START INPUT DATA

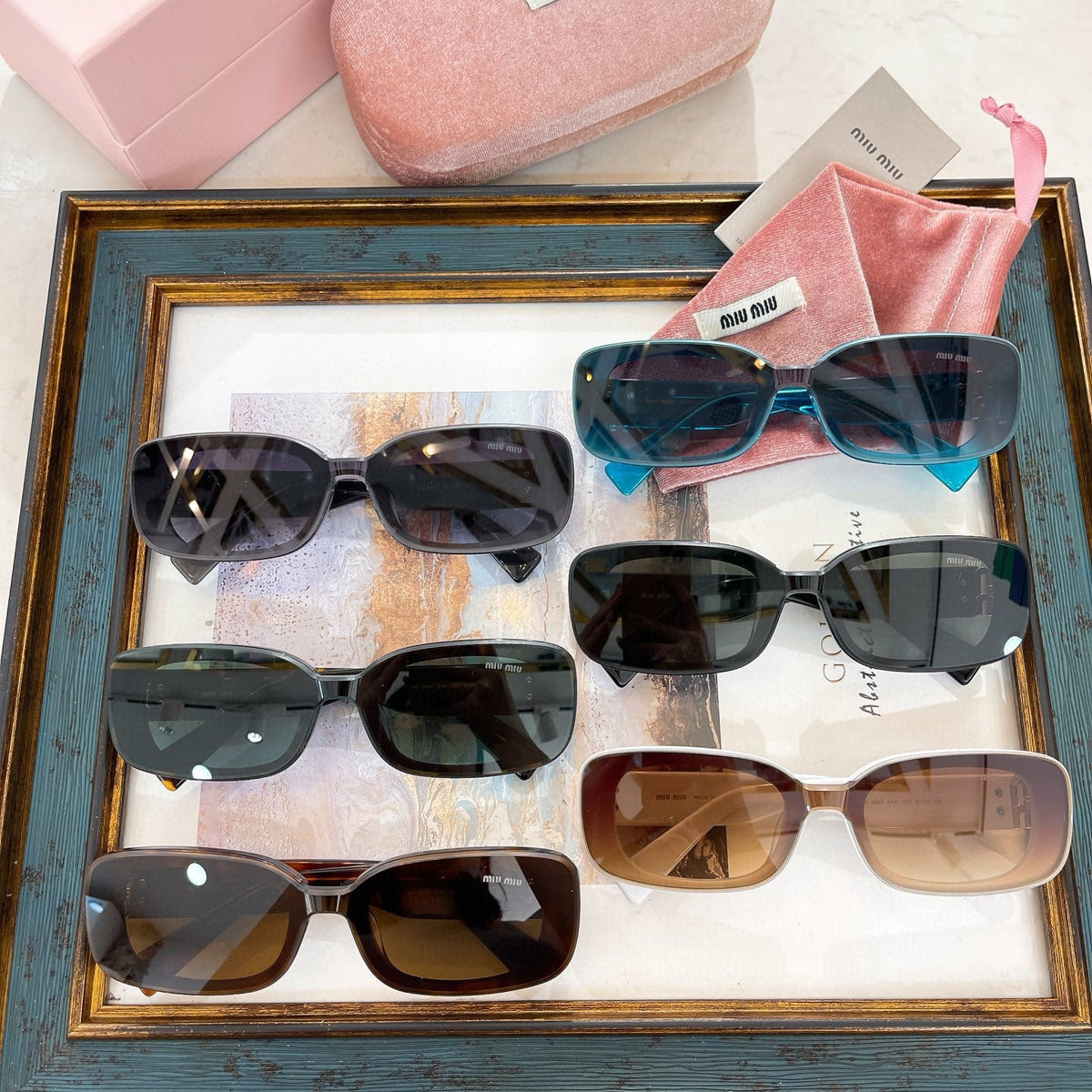 MIU M SUNGLASSES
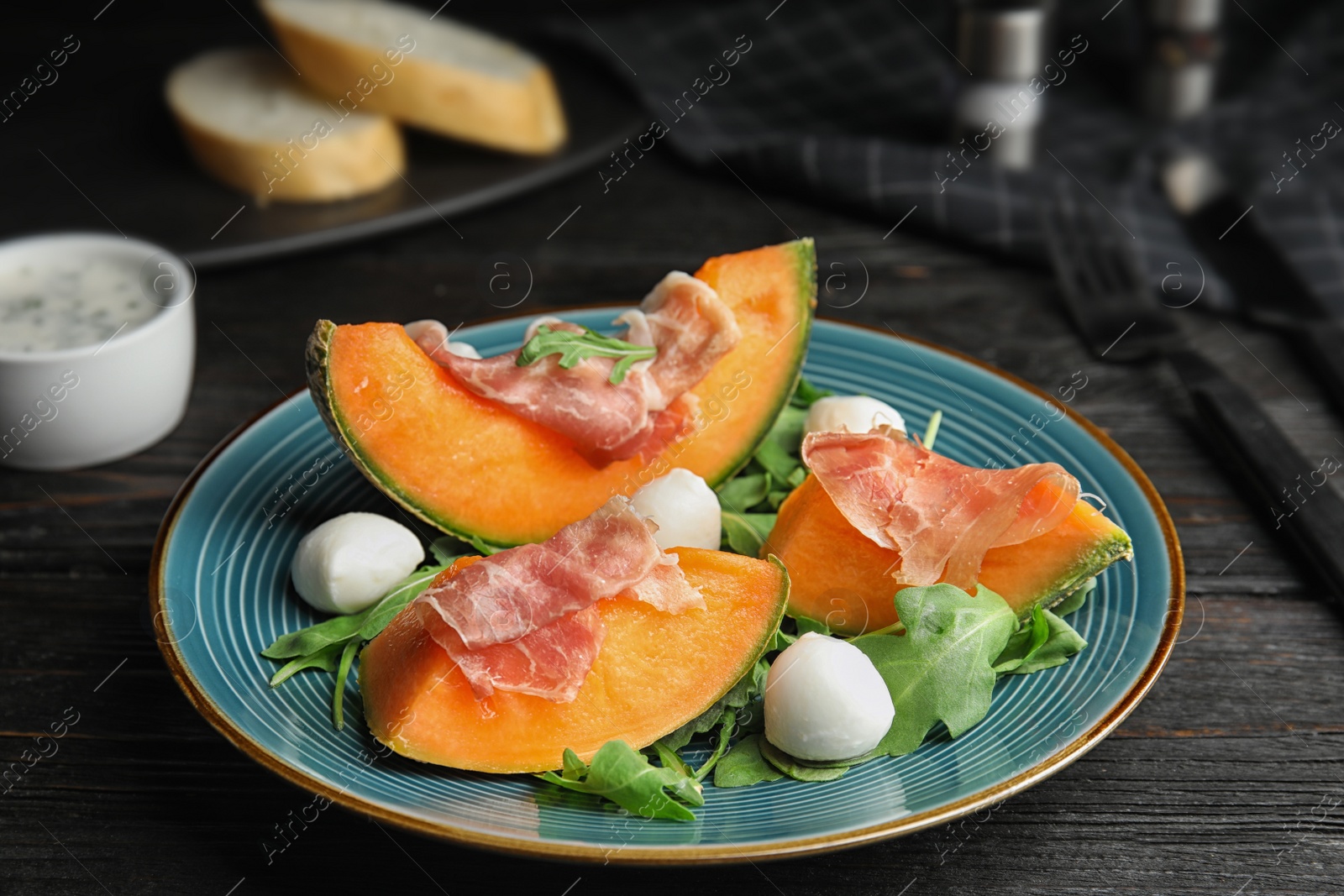 Photo of Fresh melon with prosciutto, mozzarella and arugula on black wooden table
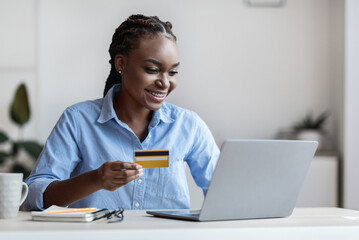 Online Payment. Smiling Black Businesswoman Using Laptop And Credit Card In Office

END INPUT DATA

__WORK TO BE COMPLETED__
Could you copy the data above exactly, leaving the pictures out?

__EXERCISE ANSWER__
 MIU M SUNGLASSES
 Photo of Fresh melon with prosciutto, mozzarella and arugula on black wooden table
 Online Payment. Smiling Black Businesswoman Using Laptop And Credit Card In Office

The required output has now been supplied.